On June 3, over 300 people gathered at Washington Hall in Seattle for Social Justice Fund NW’s 40th Anniversary Celebration. It was a historic occasion, marking four decades of grantmaking to grassroots community organizations in Washington, Oregon, Idaho, Montana, and Wyoming.
In 1978, SJF was founded by a group of progressive donors and originally named A Territory Resource. Two of the original founders – Maxwell Milton and Jill Bullitt – were in attendance at the celebration and received a special acknowledgement, along with early supporter Andrea Rabinowitz. Three grantee organizations who have received grants since the 1980s – Pineros y Campesinos Unidos del Noroeste (PCUN), Native Action, and Western States Center – were also recognized.
As part of the event, a special installation displayed SJF’s 40-year history, including an artistic representation – using colored pieces of yarn – of every grant made by decade, totalling over 2,100. A decade-by-decade history timeline charted the various foundation milestones, movement moments, and grantee victories SJF has been involved in since 1978, while quotes and portraits of dozens of past and present SJF staff, board members, donors and grantee leaders decorated the exterior of the exhibit.
SJF Executive Director Mijo Lee made a powerful speech about ATR/SJF’s history, about community organizing, and about hope. Here’s an excerpt:
A lot has changed over the last 40 years. Growing wealth inequality and especially a growing racial wealth gap. The proliferation of the nonprofit industry and institutional philanthropy in particular. The rise of the extreme right wing, white supremacist and white nationalist movements – beat back by ATR grantees in the ‘90s – returning like a horror movie villain wearing khakis and a polo shirt today. In the last 40 years, new frameworks of race and gender have transformed the way we envision social justice. The internet has fundamentally changed the way we organize. What has stayed the same? That we need to organize.
Our definition of organizing has evolved over the years, and continues to. But organizing means, fundamentally, that you’re never on your own, that our collective power is stronger than the sum of its parts. So Rosa Parks wasn’t just a tired seamstress who’d suddenly had enough, as so many of us were taught in elementary school. She was an organizer who had trained and strategized for that moment, and who took an incredible risk knowing that she was part of a movement, knowing that she was not alone.

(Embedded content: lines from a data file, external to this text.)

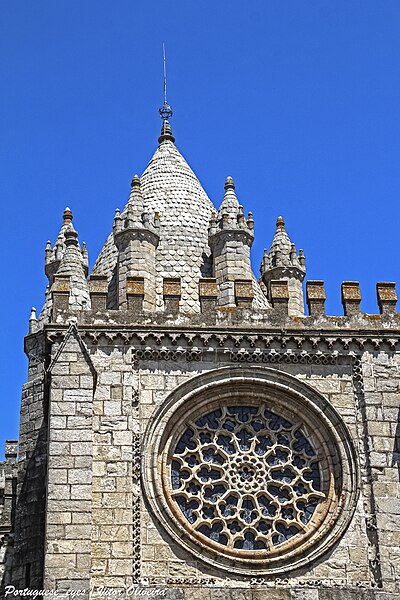 File:Catedral de Évora - Portugal (52088755240).jpg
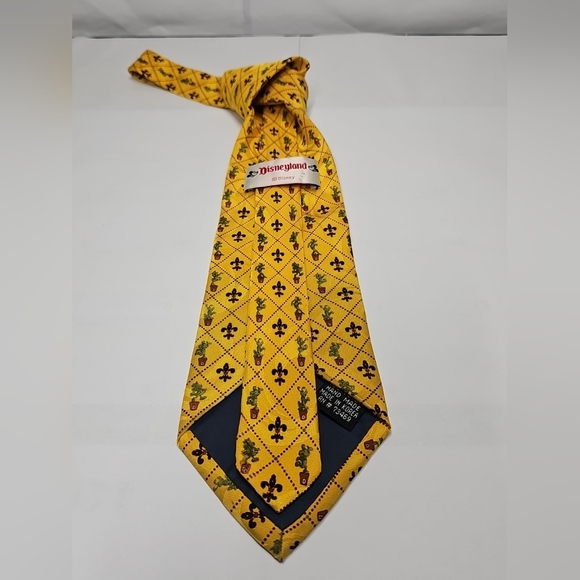 Yellow Patterned Tie - Picture 4 of 12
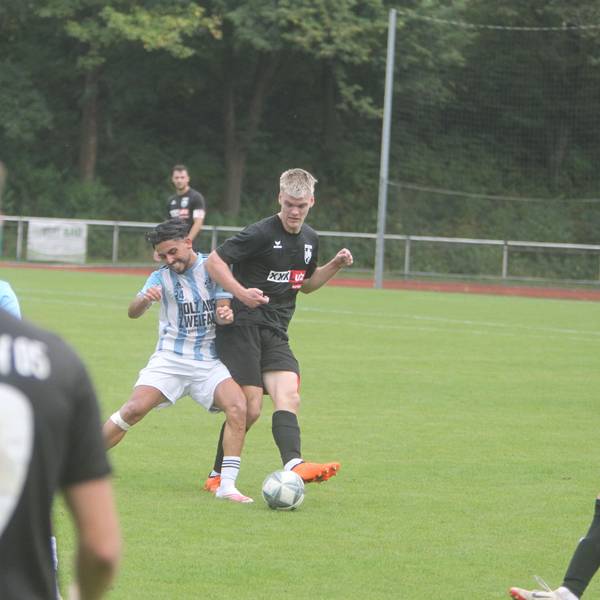 Geballte Erfahrung auf der Sechs: Aron Andreasson (rechts) vom FC Hennef 05.
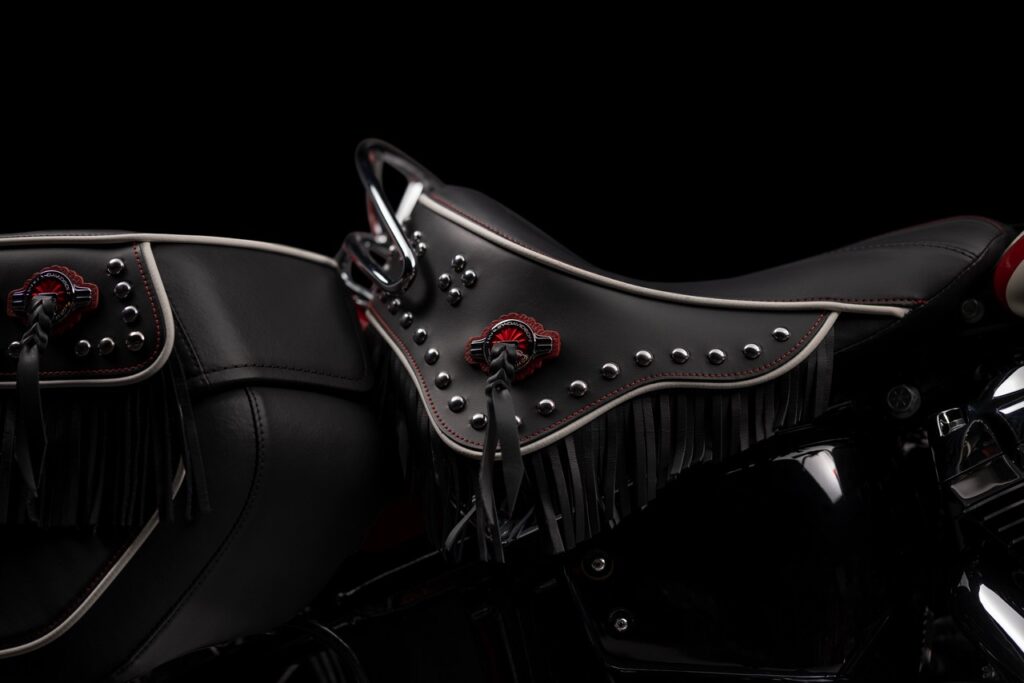 Harley-Davidson Icons motorkerékpár kollekció: Hydra-Glide Revival modell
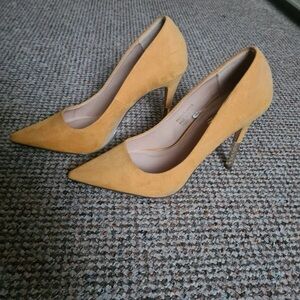 Elegant Yellow Suede Heels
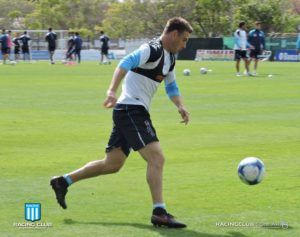 Pillud se entrena en Racing.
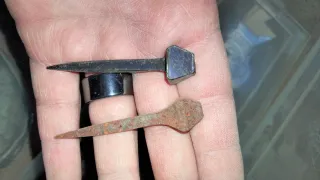 Clavos antiguos de herrar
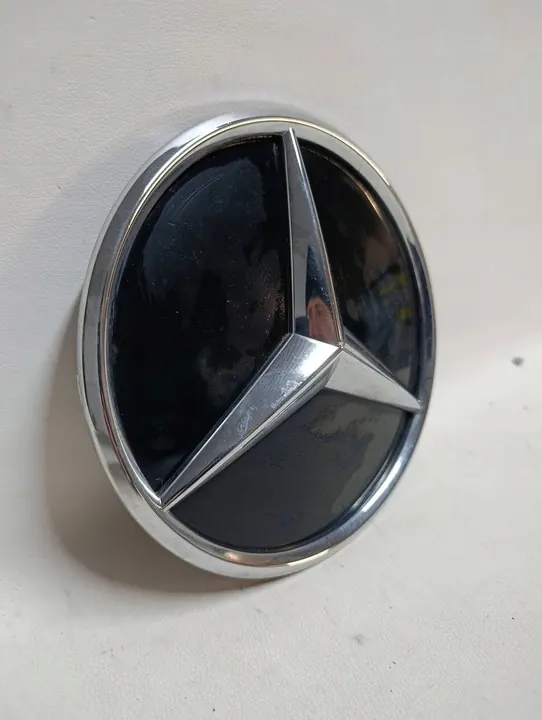 Emblema de Grade Mercedes W253 GLC A0008881600 image 2
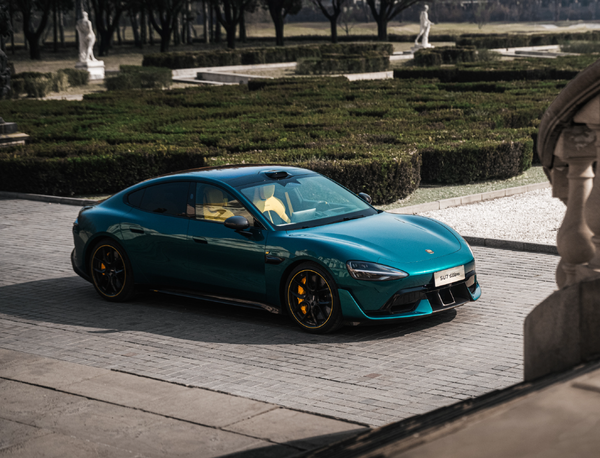 SU7 Ultra带飞失败 1.4万亿是小米集团市值天花板? SU7 Ultra带飞失败 1.4万亿是小米集团市值天花板?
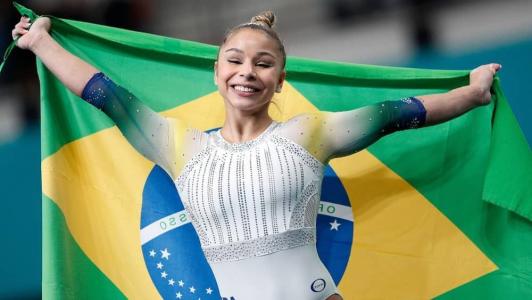 Flávia Saraiva ficou com a medalha de prata em Santiago
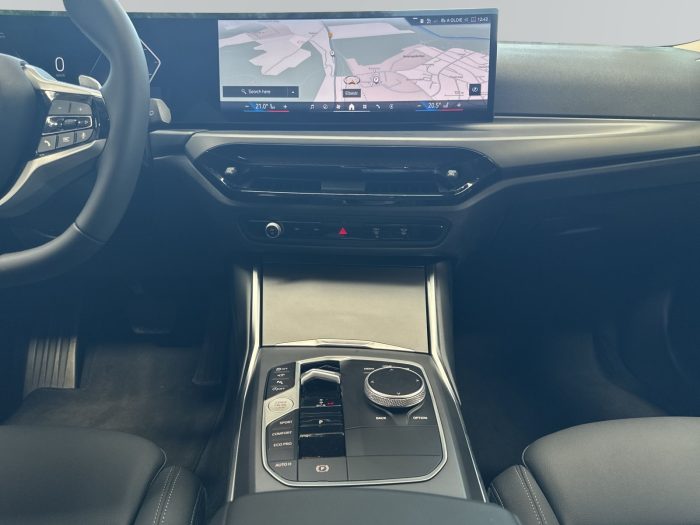 BMW Seria 3, 318I, 2024, 6013 km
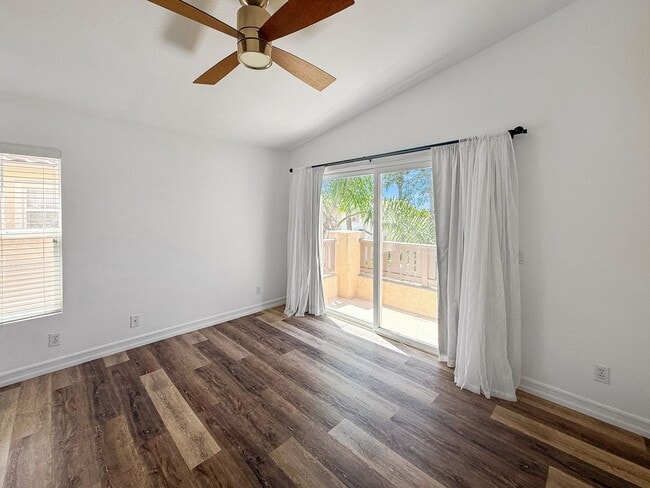 Building Photo - Charming 2BR/2BA Corner Unit in Otay Ranch!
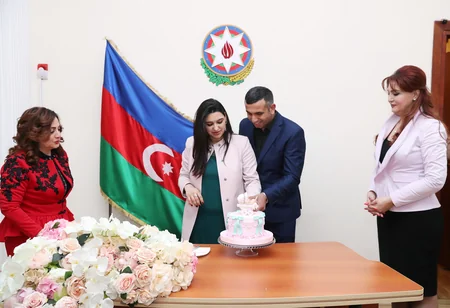 Azərbaycanın 10 milyonuncu sakininin doğum haqqında şəhadətnaməsi onun valideynlərinə təqdim olunub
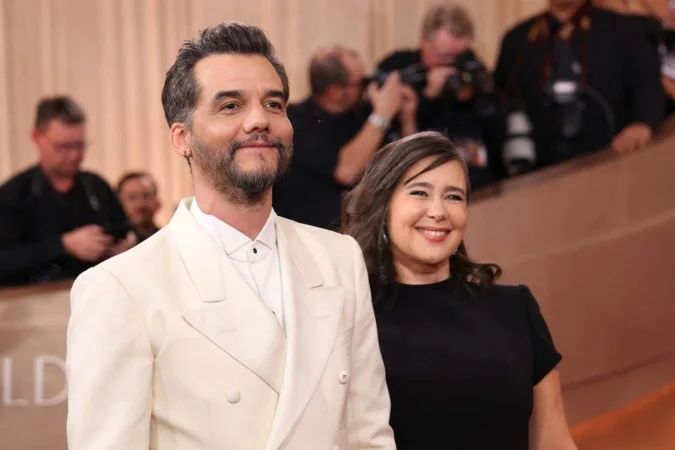 Wagner Moura e a esposa Sandra Delgado no Globo de Ouro 2026 - (crédito: Michael Tran / AFP)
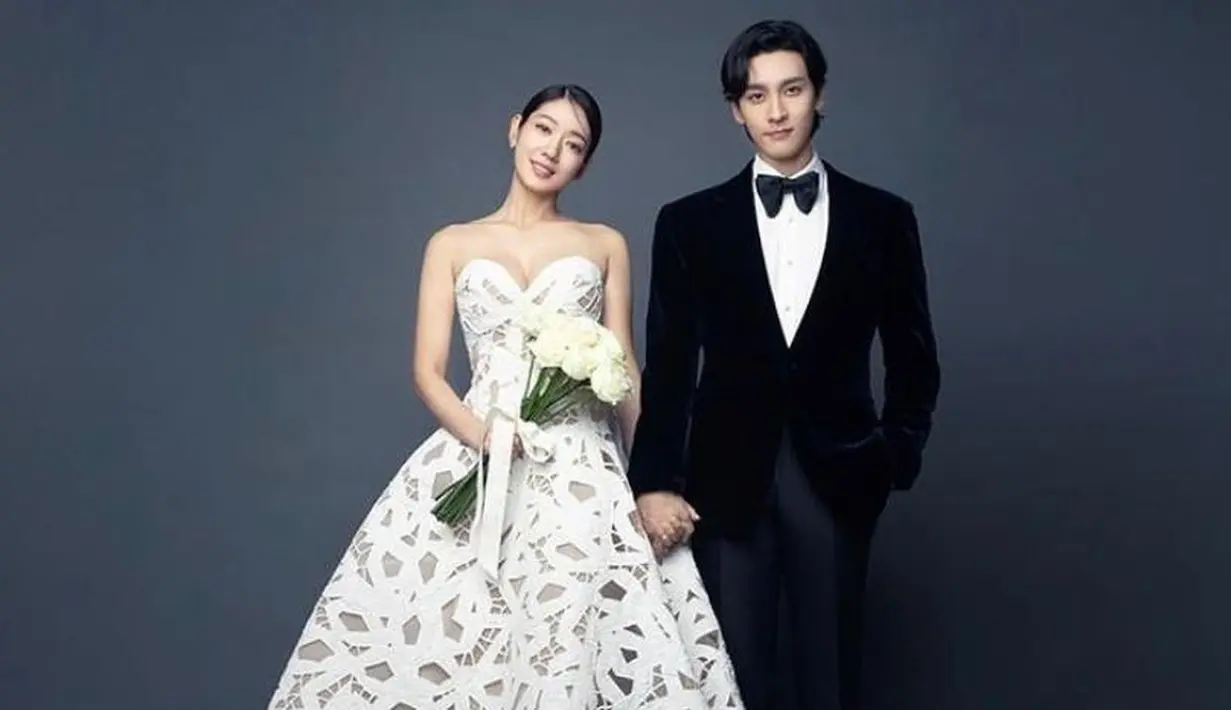 <p>Baru menikah dengan Choi Tae Joon pada Sabtu, (22/1/2022), gaun Park Shin Hye dalam foto prewedding ini bisa dijadikan inspirasi. Pemain drama Korea Goblin ini mengenakan off-shoulder ball-gown dengan desain perforated yang unik rancangan desainer Oscar de la Renta. (Instagram/oscardelarenta).</p>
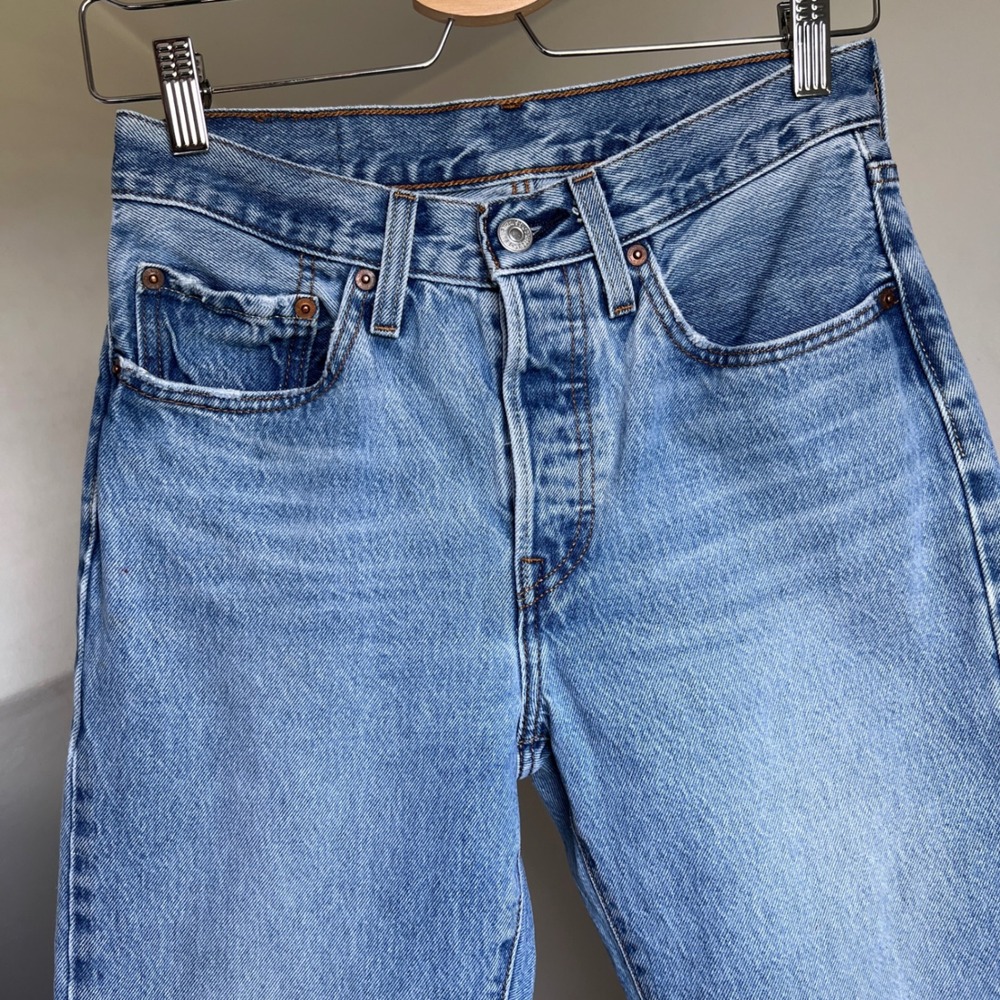 Levi's 501 Original Fit Jeans Size 26 Light Wash Straight Leg Denim Blue - Picture 3 of 8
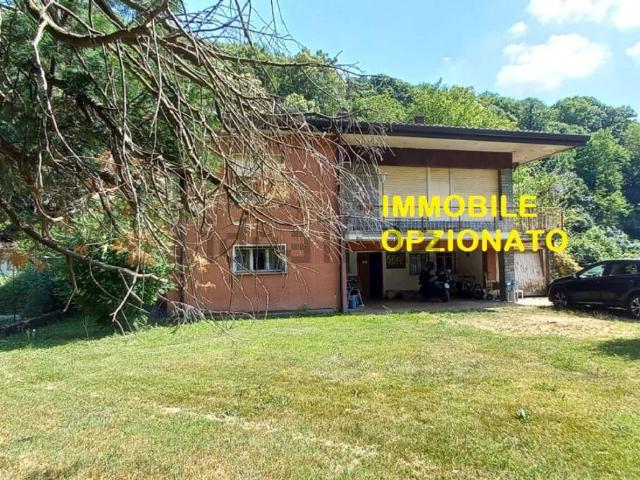 Casa in vendita a Comunità Montana Valli del Verbano, Cuvio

… One of the hard things about organizing is that it can be a long time before we see the fruits of our labors. It takes a lot longer than a grant cycle, it can take years or even generations. When we invest in organizing – with our time, energy, and money – we know we’re investing in change. But we don’t know when we’ll achieve the changes we seek. It’s like heading up a curvy road, unable to see around the bend, having faith that the road will take us where we need to go. It can be tempting to consider a more straightforward route to a less ambitious destination. But in the Northwest, we’ve all driven through mountains. The only way to the top is on a curvy road, with all the uncertainty that entails.
SJF stands on 40 years of history. We have the benefit of looking back on 40 years and seeing what happens you head up that road. I can see that when Oregon grantees like Rural Organizing Project and PCUN banded together in the ‘90s to defeat the viciously homophobic Measure 9, they forged personal and organizational relationships that make each of their organizations stronger to this day. The word intersectionality wasn’t really being used then, but they understood that their communities – LGBTQ, immigrant, Latinx, indigenous, workers – were not separate. And neither were their struggles. I see them putting those lessons into practice every day. I can trace a direct line from longtime grantee LELO (rest in power Tyree Scott) to the environmental justice powerhouse of Got Green. And as Got Green founder Michael Woo says in one of the stories in our history installation, “When you pass one of Sound Transit’s construction sites today and see people of color and women working there, it’s because of LELO’s Family Wage Jobs organizing.”
But in 1978, they couldn’t know any of that.
On June 2 we had a reunion with folks from the early years and someone brought a copy of the very first grantmaking report. It talked about their first couple years of grants and explained why they had chosen to focus their funding on community organizing. I was struck by one sentence in particular: “Community organizing is still too new to judge.”
Here’s what I found striking about that statement.
First, I’m reminded that the definition of organizing is always in development. The concept of communities coming together to build collective power – that’s not new now, nor was it then. We all understand that’s been happening since time immemorial. But what the ATR founders were talking about was a particular strategy, a particular definition of community organizing and the even newer strategy of funding it. At the time there was a movement, a burgeoning of social justice philanthropy, and they were all figuring it out as they went.
Second, they did not claim to have all the answers. In contrast to many of the people I encounter in philanthropy today, they were really clear about what they didn’t know. They said, we can’t know for sure what this will yield. We have no pie charts to back it up. But we know the theory is solid. We know for a fact that people are stronger together, that we always need leaders, that the people most impacted by injustice have expertise that has been ignored for too long, and that the injustices we face are too dire to wait around for a certainty that will never come. This shows me that from day one this organization has been characterized by the strategic and necessary practice of hope.